▶ **Exercise brief**
In the listing below, find the line with "涓草书怎么写好看 涓草书写法 王守仁" and the line with "مشاهده صفحه ۳۶", then return them and every line between them exactly, minus the pictures.

▶ **Input material**
[Start of Attachment]

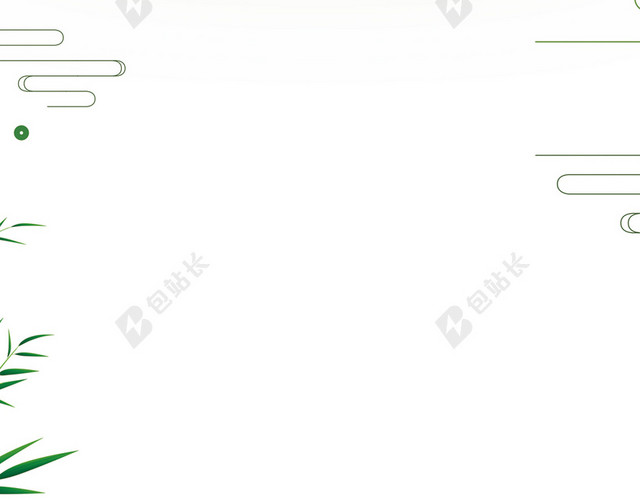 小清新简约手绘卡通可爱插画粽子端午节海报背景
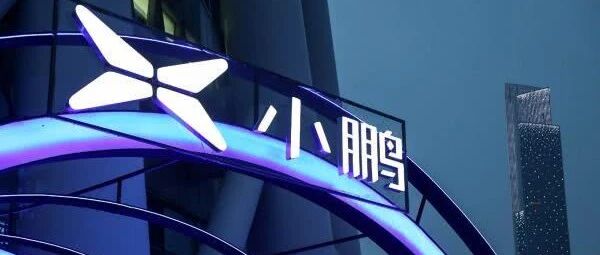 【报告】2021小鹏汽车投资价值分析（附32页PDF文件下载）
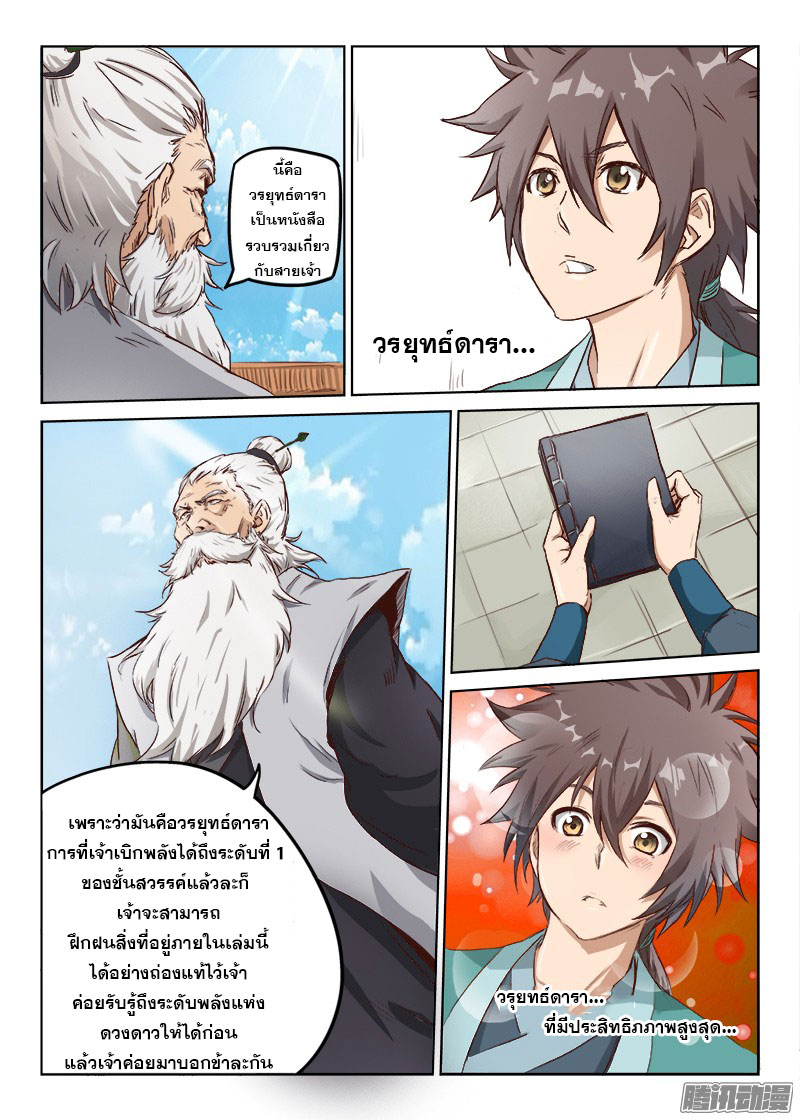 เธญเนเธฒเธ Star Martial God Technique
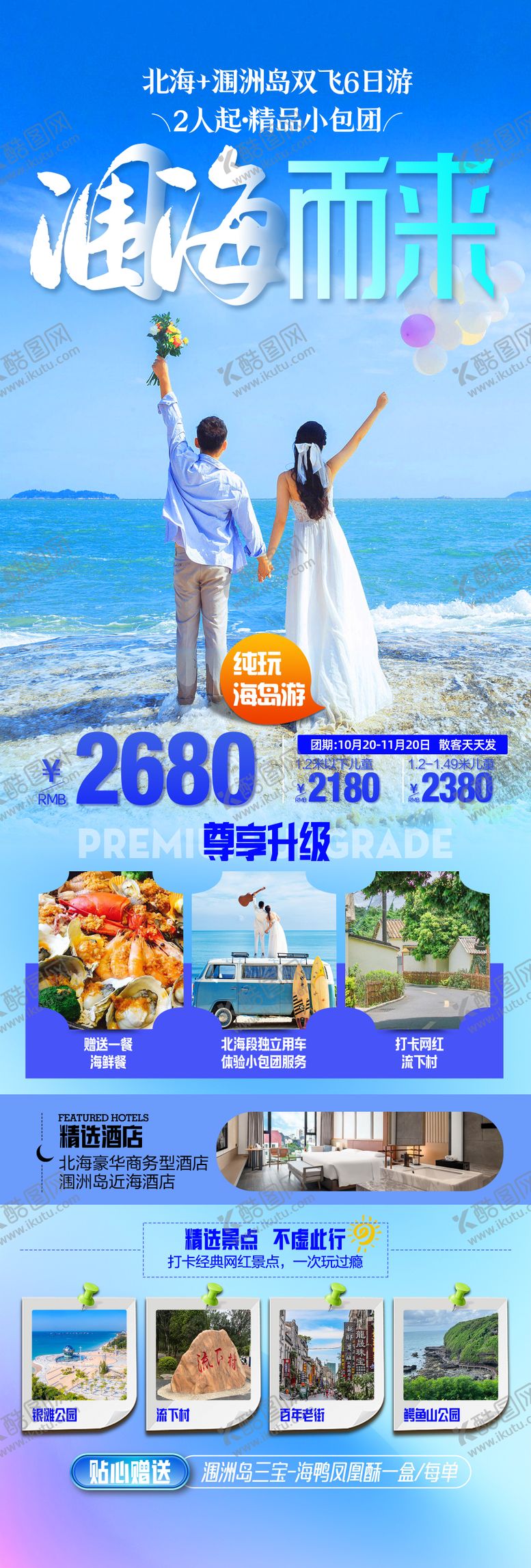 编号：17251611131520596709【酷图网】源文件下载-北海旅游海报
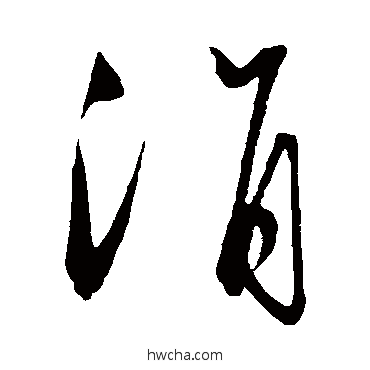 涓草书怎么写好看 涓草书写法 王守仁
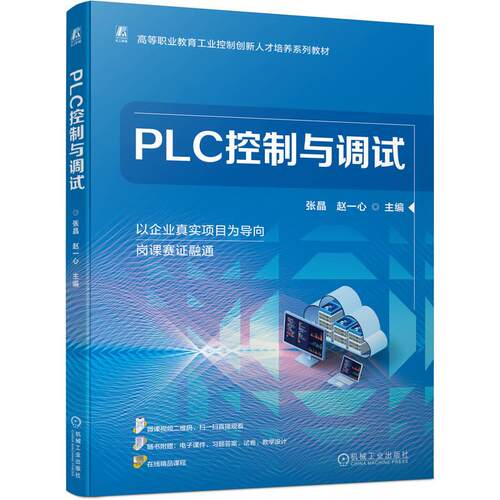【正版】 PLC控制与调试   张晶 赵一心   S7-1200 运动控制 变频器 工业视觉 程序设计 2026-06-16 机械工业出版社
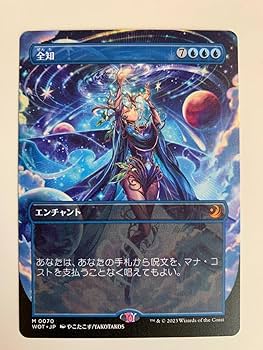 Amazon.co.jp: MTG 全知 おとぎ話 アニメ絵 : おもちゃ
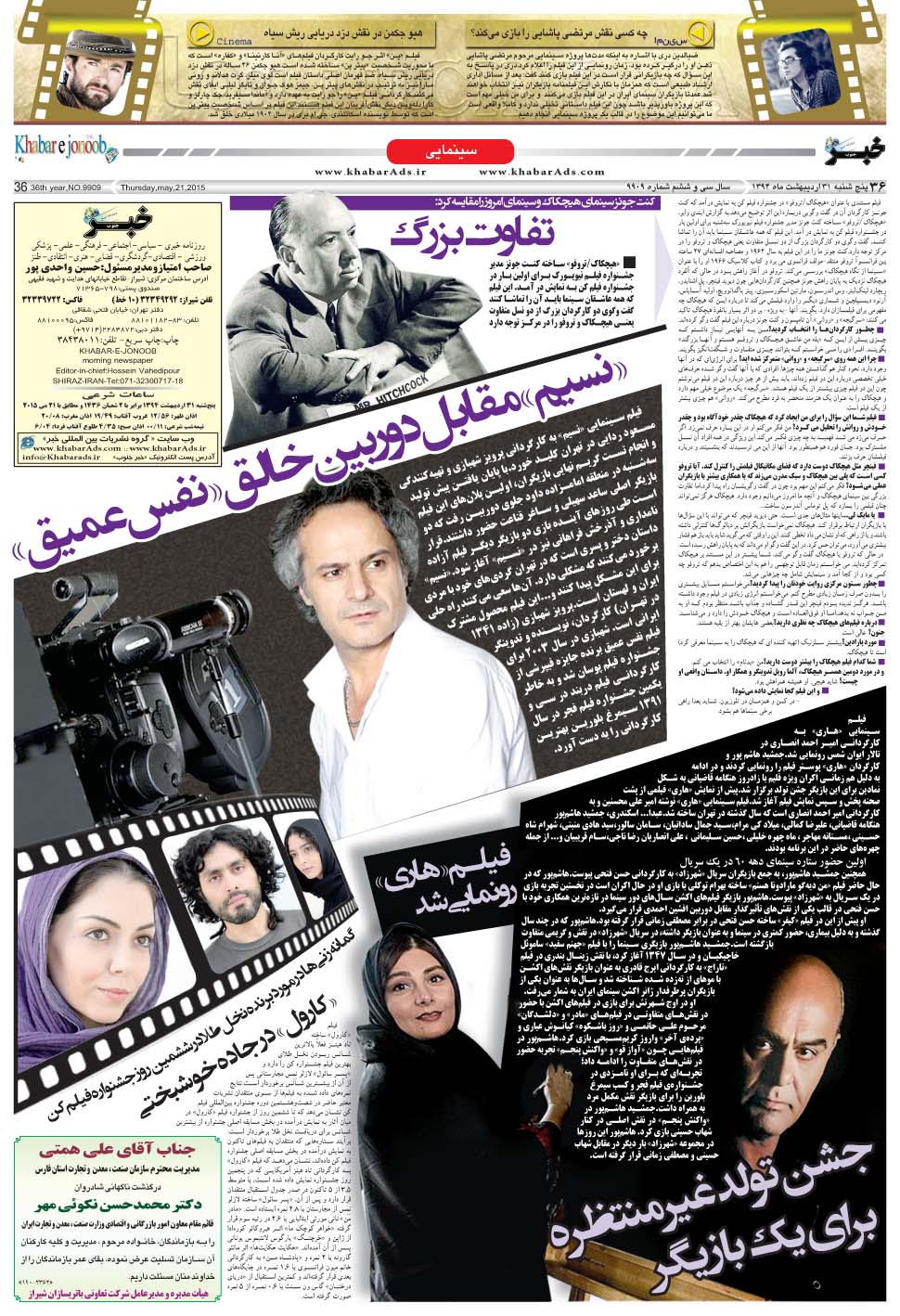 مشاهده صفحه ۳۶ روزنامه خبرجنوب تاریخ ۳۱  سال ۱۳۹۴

[End of Attachment]
[Start of Attachment]

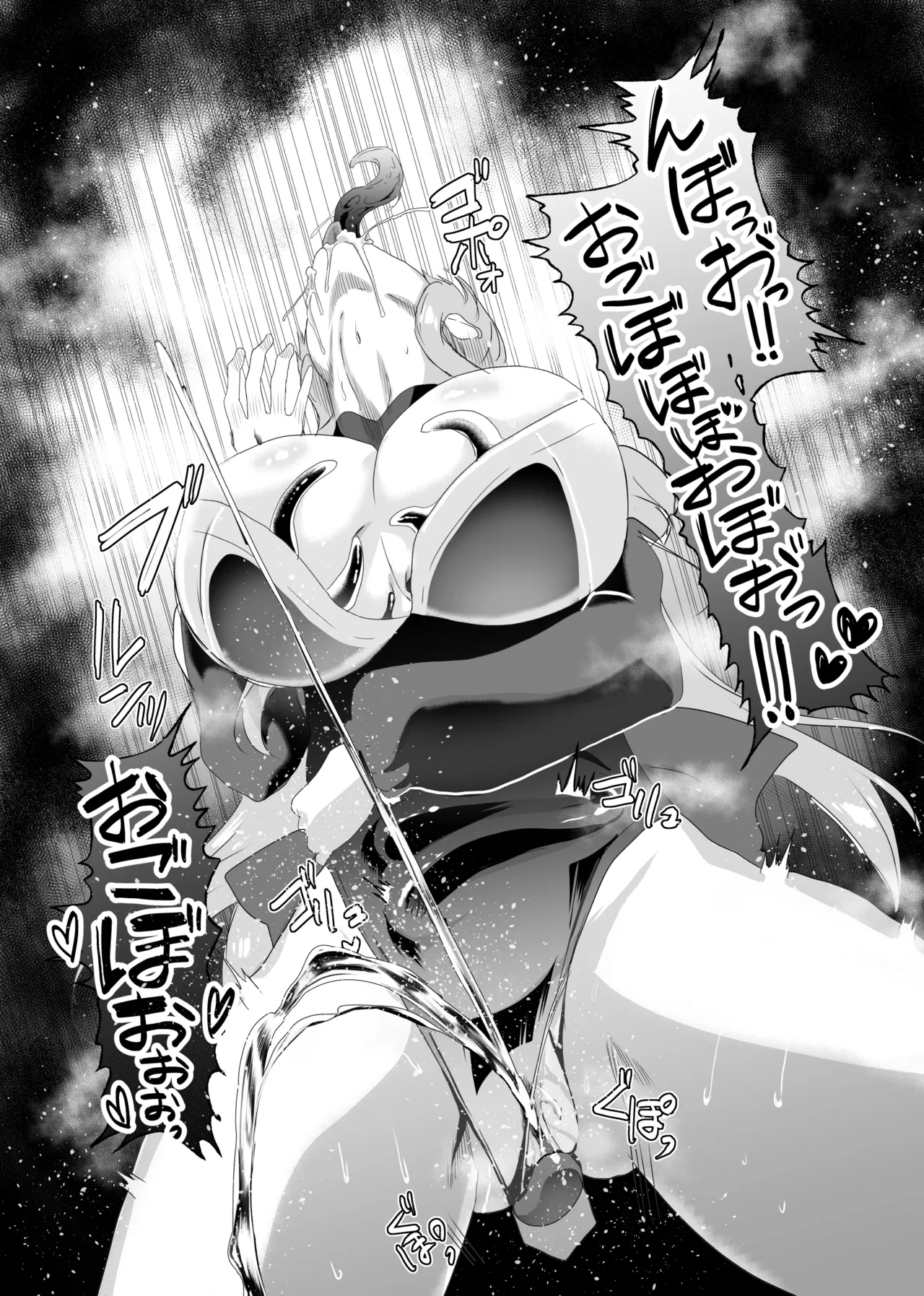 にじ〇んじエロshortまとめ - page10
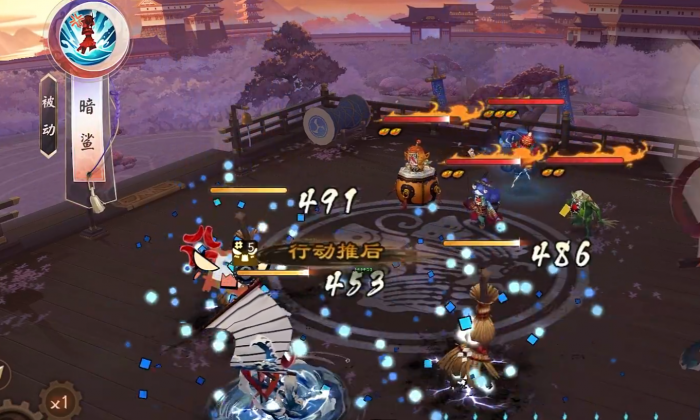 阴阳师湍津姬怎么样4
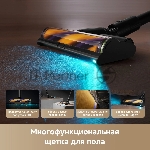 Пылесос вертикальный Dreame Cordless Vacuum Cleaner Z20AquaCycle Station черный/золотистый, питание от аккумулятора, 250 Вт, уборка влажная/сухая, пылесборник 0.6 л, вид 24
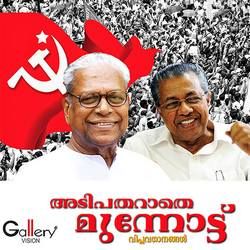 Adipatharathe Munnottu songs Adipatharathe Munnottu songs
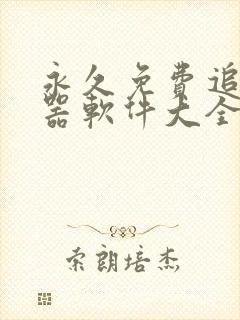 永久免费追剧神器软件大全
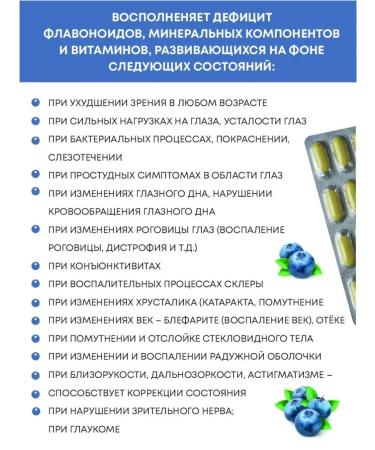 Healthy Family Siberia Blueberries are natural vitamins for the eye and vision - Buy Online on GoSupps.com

[End of Attachment]
[Start of Attachment]

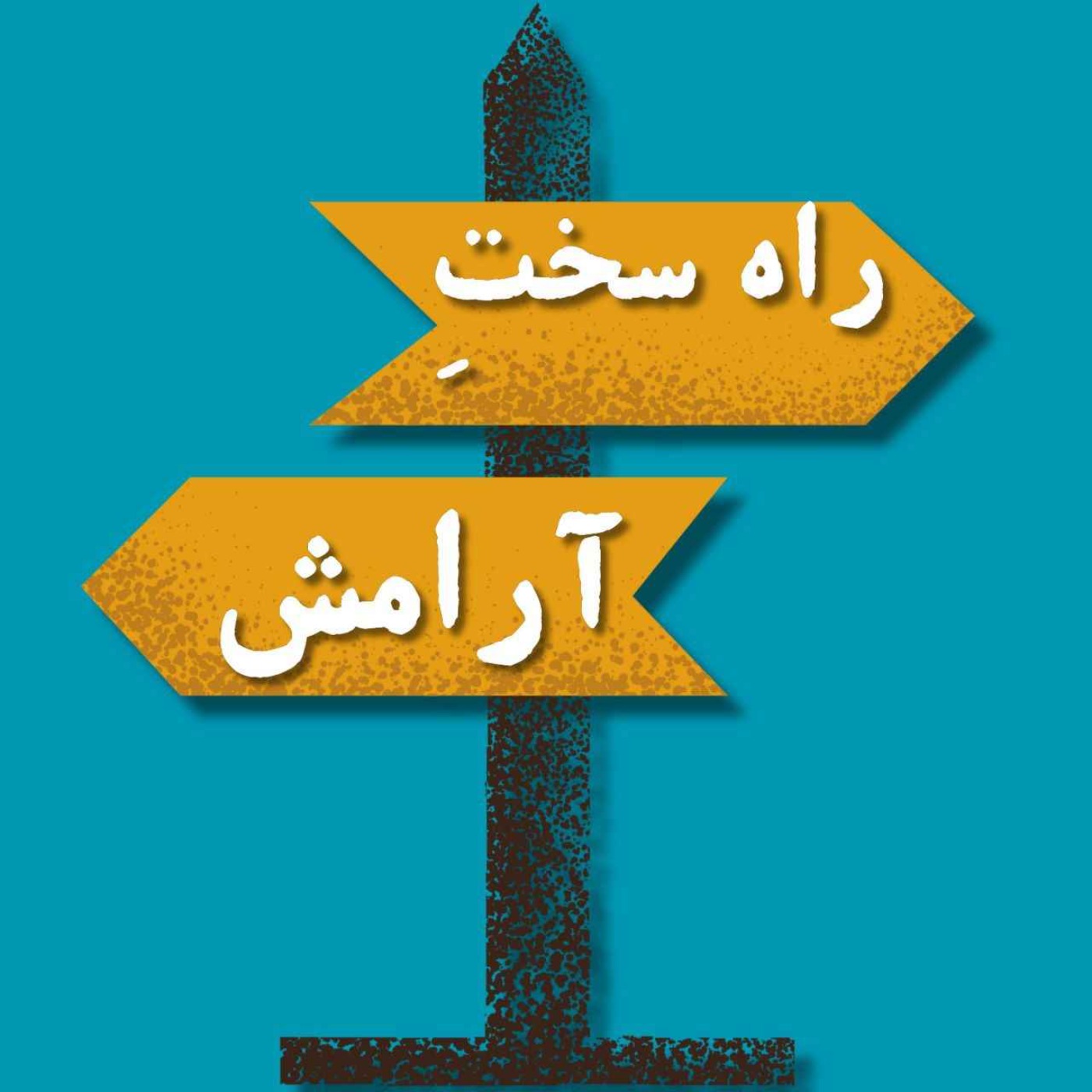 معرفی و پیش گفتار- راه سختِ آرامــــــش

[End of Attachment]

▶ **Response**
 涓草书怎么写好看 涓草书写法 王守仁
【正版】 PLC控制与调试   张晶 赵一心   S7-1200 运动控制 变频器 工业视觉 程序设计 2026-06-16 机械工业出版社
 Amazon.co.jp: MTG 全知 おとぎ話 アニメ絵 : おもちゃ
 مشاهده صفحه ۳۶ روزنامه خبرجنوب تاریخ ۳۱  سال ۱۳۹۴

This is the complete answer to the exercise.